Rural organisations are uniting in opposition to the hardline green agenda within the Bute House agreement which welds the SNP and Green party together in government.

Scotland’s largest farmer organisation NFU Scotland, the National Sheep Association and Scottish Land and Estates have called for the agreement to be dissolved unless the Green party changes course.

NFUS president Martin Kennedy led the charge: “The hardening of the green agenda is imposing too much on productive agriculture and people’s mental health. Issues like sea eagles that are spreading across Scotland is having a massive impact of family farms.

"We need action on the exponential rise of species which do not have an apex predator and which we can no longer manage. We know that the explosion in badger numbers is killing ground nesting birds, but when we explain the facts it is falling on deaf ears.

"Under the Bute House agreement, that pendulum has now swung in the wrong direction which not only threatens the viability of some rural businesses but, in some cases, has also put at risk some of the things we are trying to protect.”

After Mr Kennedy met the Green MSP and circular economy minister, Lorna Slater, at the Royal Highland Show, he said: “To be honest it felt like she wasn’t aware of these issues. So we explained the facts clearly and we are offering visits to farms across Scotland to how these policies are affecting the countryside.

"Unless things change, this can not continue. They need a reality check and the Bute House agreement is losing the support of farmers and crofters.

The National Sheep Association also wants a hardening against the Green agenda in Scotland, and said the Scottish Government wais risking turning thousands of farmers and crofters away from delivering valuable environmental outputs.

Peter Myles, NSA Scotland's chairman, said: “Sheep farmers see red with a forced green agenda, we have to largely agree that partners in the Bute House agreement are enforcing a draconian approach to land managed and enhanced by farmers over hundreds of years, interfering with the work and lives of the indigenous people in the hill’s glens and islands of Scotland.

"No one cares more for the biodiversity of the soils and the natural environment than those who try to make their living from it. This bureaucratic need for control is counterproductive.

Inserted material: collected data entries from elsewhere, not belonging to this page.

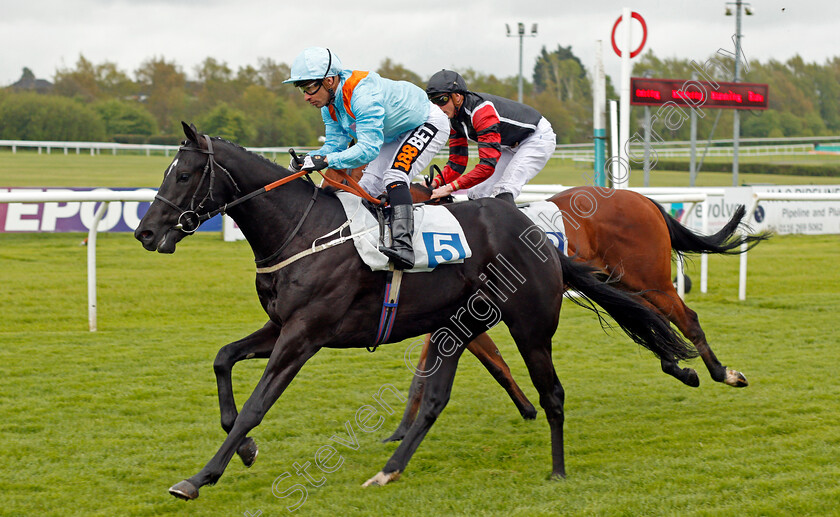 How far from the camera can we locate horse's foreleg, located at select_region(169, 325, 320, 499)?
9.37ft

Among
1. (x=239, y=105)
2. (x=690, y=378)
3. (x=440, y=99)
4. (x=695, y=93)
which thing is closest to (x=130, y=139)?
(x=239, y=105)

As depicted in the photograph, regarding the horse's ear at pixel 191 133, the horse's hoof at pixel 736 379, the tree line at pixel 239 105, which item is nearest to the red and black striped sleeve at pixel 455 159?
the horse's ear at pixel 191 133

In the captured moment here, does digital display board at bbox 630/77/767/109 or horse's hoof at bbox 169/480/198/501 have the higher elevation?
digital display board at bbox 630/77/767/109

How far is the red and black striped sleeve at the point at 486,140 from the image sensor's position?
397cm

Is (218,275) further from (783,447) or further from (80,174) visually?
(80,174)

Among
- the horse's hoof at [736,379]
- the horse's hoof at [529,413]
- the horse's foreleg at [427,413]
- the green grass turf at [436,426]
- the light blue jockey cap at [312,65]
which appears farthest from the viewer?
the horse's hoof at [736,379]

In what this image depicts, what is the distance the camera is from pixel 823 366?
5152 mm

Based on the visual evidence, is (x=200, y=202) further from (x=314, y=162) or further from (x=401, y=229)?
(x=401, y=229)

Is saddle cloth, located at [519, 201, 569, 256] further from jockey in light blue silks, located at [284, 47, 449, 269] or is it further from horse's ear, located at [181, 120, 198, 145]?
horse's ear, located at [181, 120, 198, 145]

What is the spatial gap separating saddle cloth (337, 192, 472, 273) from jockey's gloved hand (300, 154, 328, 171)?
8.7 inches

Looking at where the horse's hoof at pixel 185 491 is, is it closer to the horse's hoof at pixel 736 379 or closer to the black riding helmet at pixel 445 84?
the black riding helmet at pixel 445 84

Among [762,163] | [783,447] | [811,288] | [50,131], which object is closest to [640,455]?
[783,447]

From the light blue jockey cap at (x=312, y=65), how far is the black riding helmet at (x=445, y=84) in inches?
30.3

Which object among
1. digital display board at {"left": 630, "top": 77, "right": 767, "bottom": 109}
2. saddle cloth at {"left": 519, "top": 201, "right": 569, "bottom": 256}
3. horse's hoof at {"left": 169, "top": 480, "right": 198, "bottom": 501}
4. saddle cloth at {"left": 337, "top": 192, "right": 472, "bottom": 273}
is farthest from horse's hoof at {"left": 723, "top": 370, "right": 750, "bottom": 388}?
digital display board at {"left": 630, "top": 77, "right": 767, "bottom": 109} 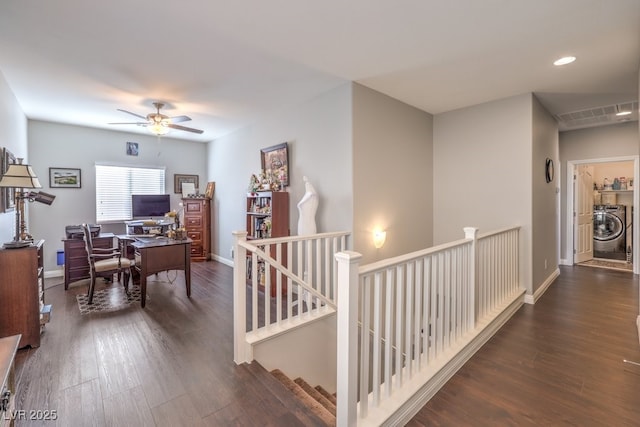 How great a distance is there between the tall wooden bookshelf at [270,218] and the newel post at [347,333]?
2.53 meters

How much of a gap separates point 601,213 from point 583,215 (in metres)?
1.01

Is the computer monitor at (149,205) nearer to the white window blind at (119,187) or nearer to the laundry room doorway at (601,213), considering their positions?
the white window blind at (119,187)

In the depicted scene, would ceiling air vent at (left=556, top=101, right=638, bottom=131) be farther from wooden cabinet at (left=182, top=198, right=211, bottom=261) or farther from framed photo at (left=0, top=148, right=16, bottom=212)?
framed photo at (left=0, top=148, right=16, bottom=212)

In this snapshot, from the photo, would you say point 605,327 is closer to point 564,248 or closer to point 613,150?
point 564,248

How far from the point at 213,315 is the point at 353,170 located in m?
2.31

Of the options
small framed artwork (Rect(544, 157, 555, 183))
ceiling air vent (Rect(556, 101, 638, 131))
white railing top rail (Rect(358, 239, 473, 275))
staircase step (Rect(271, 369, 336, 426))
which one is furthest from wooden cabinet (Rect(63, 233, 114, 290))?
ceiling air vent (Rect(556, 101, 638, 131))

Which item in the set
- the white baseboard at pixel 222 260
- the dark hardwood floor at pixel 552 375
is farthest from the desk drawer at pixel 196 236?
the dark hardwood floor at pixel 552 375

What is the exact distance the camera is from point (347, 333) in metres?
1.55

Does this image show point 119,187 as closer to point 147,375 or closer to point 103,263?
point 103,263

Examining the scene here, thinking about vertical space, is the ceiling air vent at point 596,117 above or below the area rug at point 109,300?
above

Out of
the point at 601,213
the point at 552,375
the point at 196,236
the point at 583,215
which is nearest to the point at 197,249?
the point at 196,236

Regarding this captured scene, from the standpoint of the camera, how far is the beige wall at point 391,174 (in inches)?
140

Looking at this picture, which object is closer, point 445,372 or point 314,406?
point 314,406

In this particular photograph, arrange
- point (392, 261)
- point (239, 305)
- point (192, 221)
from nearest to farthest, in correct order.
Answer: point (392, 261), point (239, 305), point (192, 221) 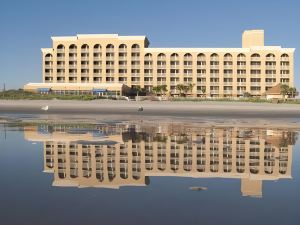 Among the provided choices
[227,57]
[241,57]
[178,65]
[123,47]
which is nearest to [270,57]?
[241,57]

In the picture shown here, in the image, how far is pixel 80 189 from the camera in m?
7.73

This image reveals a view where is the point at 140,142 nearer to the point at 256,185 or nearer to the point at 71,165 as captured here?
the point at 71,165

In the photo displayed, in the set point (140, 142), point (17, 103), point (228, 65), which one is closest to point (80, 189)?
point (140, 142)

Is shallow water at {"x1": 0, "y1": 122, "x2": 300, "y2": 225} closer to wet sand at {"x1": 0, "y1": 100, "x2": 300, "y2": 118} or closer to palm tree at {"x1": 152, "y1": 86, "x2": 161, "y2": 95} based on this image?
wet sand at {"x1": 0, "y1": 100, "x2": 300, "y2": 118}

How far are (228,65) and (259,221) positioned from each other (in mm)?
108434

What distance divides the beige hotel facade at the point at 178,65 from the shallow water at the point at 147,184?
9749 cm

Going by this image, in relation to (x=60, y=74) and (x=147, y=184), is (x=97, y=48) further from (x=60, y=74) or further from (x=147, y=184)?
(x=147, y=184)

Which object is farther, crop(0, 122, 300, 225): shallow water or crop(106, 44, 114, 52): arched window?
crop(106, 44, 114, 52): arched window

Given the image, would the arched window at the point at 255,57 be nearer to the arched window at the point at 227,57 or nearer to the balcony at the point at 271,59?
the balcony at the point at 271,59

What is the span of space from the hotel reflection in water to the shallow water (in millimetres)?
24

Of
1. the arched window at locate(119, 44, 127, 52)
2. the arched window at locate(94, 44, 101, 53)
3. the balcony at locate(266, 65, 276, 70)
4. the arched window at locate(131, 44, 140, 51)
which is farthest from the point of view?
the arched window at locate(94, 44, 101, 53)

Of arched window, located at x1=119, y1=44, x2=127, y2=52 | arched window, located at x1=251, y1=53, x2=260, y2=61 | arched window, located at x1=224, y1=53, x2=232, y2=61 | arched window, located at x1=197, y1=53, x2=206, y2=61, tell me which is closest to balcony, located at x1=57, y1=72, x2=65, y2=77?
arched window, located at x1=119, y1=44, x2=127, y2=52

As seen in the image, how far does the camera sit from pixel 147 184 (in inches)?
328

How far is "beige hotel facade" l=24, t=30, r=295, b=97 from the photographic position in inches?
4358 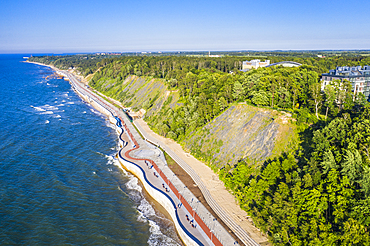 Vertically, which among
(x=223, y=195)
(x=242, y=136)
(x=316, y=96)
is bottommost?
(x=223, y=195)

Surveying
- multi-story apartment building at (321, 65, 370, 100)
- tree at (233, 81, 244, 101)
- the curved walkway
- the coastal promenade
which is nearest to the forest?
the curved walkway

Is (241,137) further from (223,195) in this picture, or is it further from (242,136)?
(223,195)

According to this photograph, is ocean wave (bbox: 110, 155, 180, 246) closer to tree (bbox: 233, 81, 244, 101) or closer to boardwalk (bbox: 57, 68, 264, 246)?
boardwalk (bbox: 57, 68, 264, 246)

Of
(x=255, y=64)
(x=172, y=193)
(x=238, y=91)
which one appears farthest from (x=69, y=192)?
(x=255, y=64)

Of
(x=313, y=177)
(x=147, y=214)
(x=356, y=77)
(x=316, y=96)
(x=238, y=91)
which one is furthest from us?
(x=238, y=91)

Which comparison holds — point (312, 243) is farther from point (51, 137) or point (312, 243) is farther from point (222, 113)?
point (51, 137) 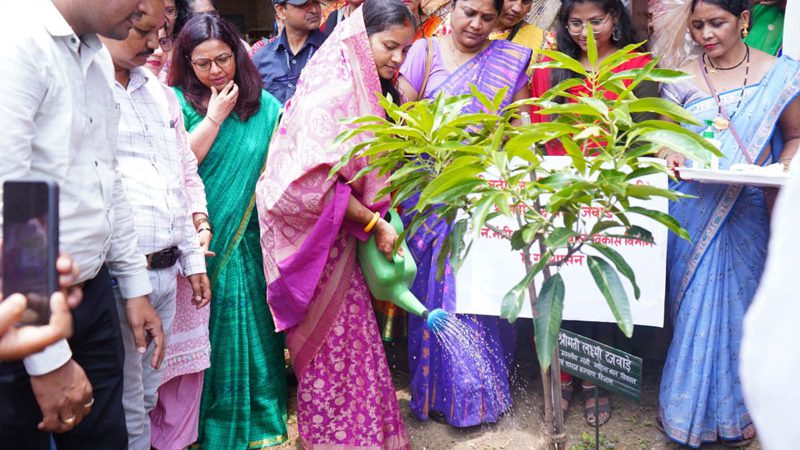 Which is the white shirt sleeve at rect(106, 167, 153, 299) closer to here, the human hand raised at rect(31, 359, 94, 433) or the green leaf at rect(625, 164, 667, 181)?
the human hand raised at rect(31, 359, 94, 433)

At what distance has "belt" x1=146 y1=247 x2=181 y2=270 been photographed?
2.22 metres

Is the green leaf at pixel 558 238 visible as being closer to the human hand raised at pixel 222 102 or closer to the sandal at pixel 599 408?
the human hand raised at pixel 222 102

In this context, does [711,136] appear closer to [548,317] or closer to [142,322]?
[548,317]

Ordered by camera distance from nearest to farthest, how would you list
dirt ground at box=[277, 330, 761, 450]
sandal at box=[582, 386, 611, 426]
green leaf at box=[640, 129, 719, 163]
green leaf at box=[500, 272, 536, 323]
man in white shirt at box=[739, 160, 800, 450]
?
man in white shirt at box=[739, 160, 800, 450] < green leaf at box=[640, 129, 719, 163] < green leaf at box=[500, 272, 536, 323] < dirt ground at box=[277, 330, 761, 450] < sandal at box=[582, 386, 611, 426]

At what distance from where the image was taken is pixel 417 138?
1.56m

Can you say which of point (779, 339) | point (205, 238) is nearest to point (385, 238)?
point (205, 238)

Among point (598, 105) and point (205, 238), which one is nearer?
point (598, 105)

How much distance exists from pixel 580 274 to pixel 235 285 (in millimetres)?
1405

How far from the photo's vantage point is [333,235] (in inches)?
99.7

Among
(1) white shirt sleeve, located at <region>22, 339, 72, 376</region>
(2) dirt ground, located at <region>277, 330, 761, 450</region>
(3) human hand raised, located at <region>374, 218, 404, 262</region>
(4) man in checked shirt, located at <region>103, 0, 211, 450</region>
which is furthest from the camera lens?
(2) dirt ground, located at <region>277, 330, 761, 450</region>

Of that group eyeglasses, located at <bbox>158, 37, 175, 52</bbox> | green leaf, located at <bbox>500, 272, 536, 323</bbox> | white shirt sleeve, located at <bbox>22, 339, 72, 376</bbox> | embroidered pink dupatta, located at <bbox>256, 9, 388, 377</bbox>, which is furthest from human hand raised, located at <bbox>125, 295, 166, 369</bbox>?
eyeglasses, located at <bbox>158, 37, 175, 52</bbox>

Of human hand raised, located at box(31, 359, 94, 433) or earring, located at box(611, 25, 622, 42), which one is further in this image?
earring, located at box(611, 25, 622, 42)

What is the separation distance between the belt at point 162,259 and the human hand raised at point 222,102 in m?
0.70

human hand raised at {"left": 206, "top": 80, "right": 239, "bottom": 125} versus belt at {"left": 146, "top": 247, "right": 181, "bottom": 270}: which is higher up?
human hand raised at {"left": 206, "top": 80, "right": 239, "bottom": 125} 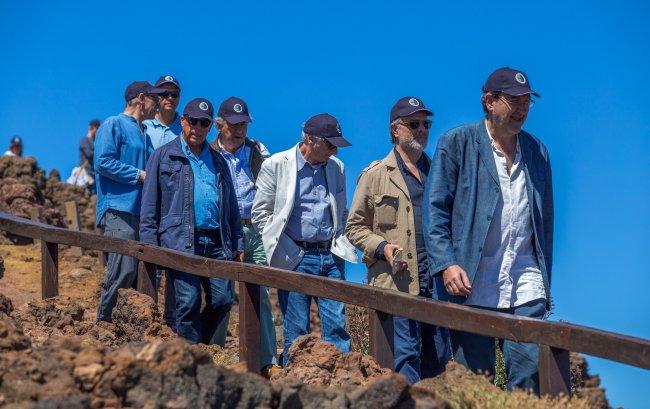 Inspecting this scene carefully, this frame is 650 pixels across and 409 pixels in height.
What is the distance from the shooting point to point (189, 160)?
10805 mm

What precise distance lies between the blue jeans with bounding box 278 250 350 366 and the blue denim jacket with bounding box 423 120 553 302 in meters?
1.86

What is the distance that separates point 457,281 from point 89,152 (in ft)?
52.9

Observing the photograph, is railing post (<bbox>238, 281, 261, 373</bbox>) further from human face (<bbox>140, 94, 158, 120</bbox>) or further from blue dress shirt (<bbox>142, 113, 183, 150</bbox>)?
human face (<bbox>140, 94, 158, 120</bbox>)

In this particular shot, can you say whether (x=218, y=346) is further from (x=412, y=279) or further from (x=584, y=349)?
(x=584, y=349)

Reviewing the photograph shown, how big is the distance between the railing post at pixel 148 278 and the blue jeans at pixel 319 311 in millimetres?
1138

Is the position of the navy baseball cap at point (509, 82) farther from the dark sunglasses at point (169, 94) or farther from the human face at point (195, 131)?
the dark sunglasses at point (169, 94)

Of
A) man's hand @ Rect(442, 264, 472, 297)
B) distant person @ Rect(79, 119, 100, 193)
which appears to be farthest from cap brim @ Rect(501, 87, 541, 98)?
distant person @ Rect(79, 119, 100, 193)

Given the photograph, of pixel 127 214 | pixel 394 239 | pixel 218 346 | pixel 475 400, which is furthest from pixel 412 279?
pixel 127 214

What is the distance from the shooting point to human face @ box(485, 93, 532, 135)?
8.47 m

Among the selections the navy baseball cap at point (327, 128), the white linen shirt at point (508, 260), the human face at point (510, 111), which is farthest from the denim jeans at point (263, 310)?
the human face at point (510, 111)

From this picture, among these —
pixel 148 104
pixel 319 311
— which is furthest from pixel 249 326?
pixel 148 104

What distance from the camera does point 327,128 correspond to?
34.8 ft

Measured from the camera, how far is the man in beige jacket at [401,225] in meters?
9.53

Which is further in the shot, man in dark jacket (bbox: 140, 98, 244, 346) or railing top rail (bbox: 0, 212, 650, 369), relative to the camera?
man in dark jacket (bbox: 140, 98, 244, 346) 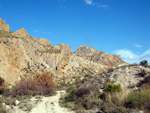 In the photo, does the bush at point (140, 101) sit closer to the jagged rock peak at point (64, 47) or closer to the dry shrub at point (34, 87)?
the dry shrub at point (34, 87)

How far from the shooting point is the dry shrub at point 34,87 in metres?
17.7

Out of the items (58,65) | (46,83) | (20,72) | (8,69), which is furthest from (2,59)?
(58,65)

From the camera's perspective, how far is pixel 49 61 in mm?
46781

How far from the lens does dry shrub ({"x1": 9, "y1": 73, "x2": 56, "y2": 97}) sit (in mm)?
17695

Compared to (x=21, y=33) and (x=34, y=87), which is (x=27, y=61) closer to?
(x=34, y=87)

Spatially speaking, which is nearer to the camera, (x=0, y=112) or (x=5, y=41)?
(x=0, y=112)

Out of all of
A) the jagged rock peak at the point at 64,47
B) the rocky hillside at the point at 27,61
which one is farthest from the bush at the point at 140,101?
the jagged rock peak at the point at 64,47

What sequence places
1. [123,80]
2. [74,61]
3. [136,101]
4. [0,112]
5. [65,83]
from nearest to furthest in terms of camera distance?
[0,112], [136,101], [123,80], [65,83], [74,61]

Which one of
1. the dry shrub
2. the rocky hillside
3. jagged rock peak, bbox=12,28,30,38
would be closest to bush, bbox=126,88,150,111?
the dry shrub

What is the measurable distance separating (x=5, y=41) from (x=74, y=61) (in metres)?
25.2

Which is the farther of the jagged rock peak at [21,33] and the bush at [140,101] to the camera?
the jagged rock peak at [21,33]

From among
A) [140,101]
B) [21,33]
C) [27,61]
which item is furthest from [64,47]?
[140,101]

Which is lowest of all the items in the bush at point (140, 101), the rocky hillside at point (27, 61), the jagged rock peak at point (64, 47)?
the bush at point (140, 101)

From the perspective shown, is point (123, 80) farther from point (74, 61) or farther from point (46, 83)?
point (74, 61) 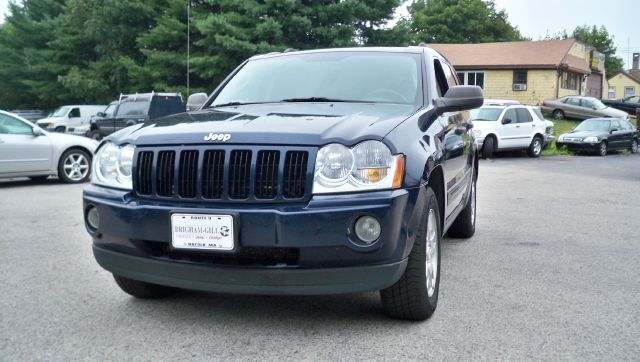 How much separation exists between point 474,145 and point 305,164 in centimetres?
373

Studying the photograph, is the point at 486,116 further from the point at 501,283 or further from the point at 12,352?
the point at 12,352

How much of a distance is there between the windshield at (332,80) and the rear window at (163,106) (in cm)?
1649

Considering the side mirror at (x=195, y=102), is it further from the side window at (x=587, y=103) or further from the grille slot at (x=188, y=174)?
the side window at (x=587, y=103)

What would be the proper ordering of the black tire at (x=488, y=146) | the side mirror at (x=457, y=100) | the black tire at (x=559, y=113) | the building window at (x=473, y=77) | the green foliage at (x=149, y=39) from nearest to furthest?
the side mirror at (x=457, y=100) < the black tire at (x=488, y=146) < the green foliage at (x=149, y=39) < the black tire at (x=559, y=113) < the building window at (x=473, y=77)

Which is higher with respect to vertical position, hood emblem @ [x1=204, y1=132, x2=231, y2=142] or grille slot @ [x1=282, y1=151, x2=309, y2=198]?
hood emblem @ [x1=204, y1=132, x2=231, y2=142]

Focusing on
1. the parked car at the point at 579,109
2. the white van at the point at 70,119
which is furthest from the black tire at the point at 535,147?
the white van at the point at 70,119

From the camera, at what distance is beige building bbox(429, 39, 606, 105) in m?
41.7

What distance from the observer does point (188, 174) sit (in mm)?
3250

"Allow and support people to make a decent living in these remote and deprived areas and the indigenous framers and crofters who have nurtured for generations the iconic Scottish landscape will tick all the green boxes as a matter of course.”

NSA's chief executive, Phil Stocker, called recent discussions on rewilding, afforestation and species introductions as part of the ‘dark green agenda’ and that ‘policy signals are distorted’.

Sarah-Jane Laing, chief executive of Scottish Land and Estates, said the recent decision to not permit the bracken herbicide, Asulox, was the ‘tipping point for many, but just the latest challenge facing rural businesses’.

"We are seeing more and more examples of flawed decision-making from the Scottish Government, one of which has resulted in SLE seeking a judicial review on the decision to halt any evictions or rent caps in the private rented sector," she aaid.

“Similarly, the Wildlife Management and Muirburn Bill currently making its way through parliament is another classic example of badly drafted legislation that if enacted in its current form would lead to a host of unintended consequences for decades to come. We believe forthcoming land reform legislation may also follow a similar path, with detrimental consequences for Scottish agriculture as well.

“We respect the right of the Scottish Government to pursue its legislative programme but the fact that rural voices are being marginalised and evidence is being ignored on the basis that a policy commitment appeared in the Bute House Agreement and must be adhered to, should concern everyone living and working in rural areas.”

For the Green Party, Ariane Burgess, commented: “Scotland’s farmers perhaps more than any other sector play one of the most important roles for our nation in providing food security and highly skilled, often rural jobs. We fully recognise that they are facing multiple challenges caused by Brexit, being let down time and time again by the Tory government at Westminster, and the economic stresses caused by the failing UK economy.

“But the climate and nature emergencies pose an existential threat to both the industry and our society, if we don’t step up to the challenge and make the significant changes needed, particularly in how we use our land and produce our food.

“We acknowledge the pace and scale of change can be daunting, but that’s why a team effort is required more than ever. With Scottish Greens in government, our co-operation agreement has provided record funding for nature restoration projects.

“It also commits to significant support through initiatives like Regional Land Use Partnerships, which bring together land managers across sectors to devise ways to tackle the climate and nature emergencies at a landscape level.

“Scotland has also led the way in reintroducing the iconic beaver to our river ways, to the extent where England and Wales are now following suit and receiving many of the beavers which have been removed under licence from problem areas.

“NatureScot is also working with farmers on issues such as lamb loss in upland areas, showing simple measures, like lambing in polytunnels, can have a huge positive impact on lamb loss without having to resort to species control. This is the kind of constructive teamwork that’s needed, if we are to face up to the scale of the challenge Scotland’s environment and communities are facing.”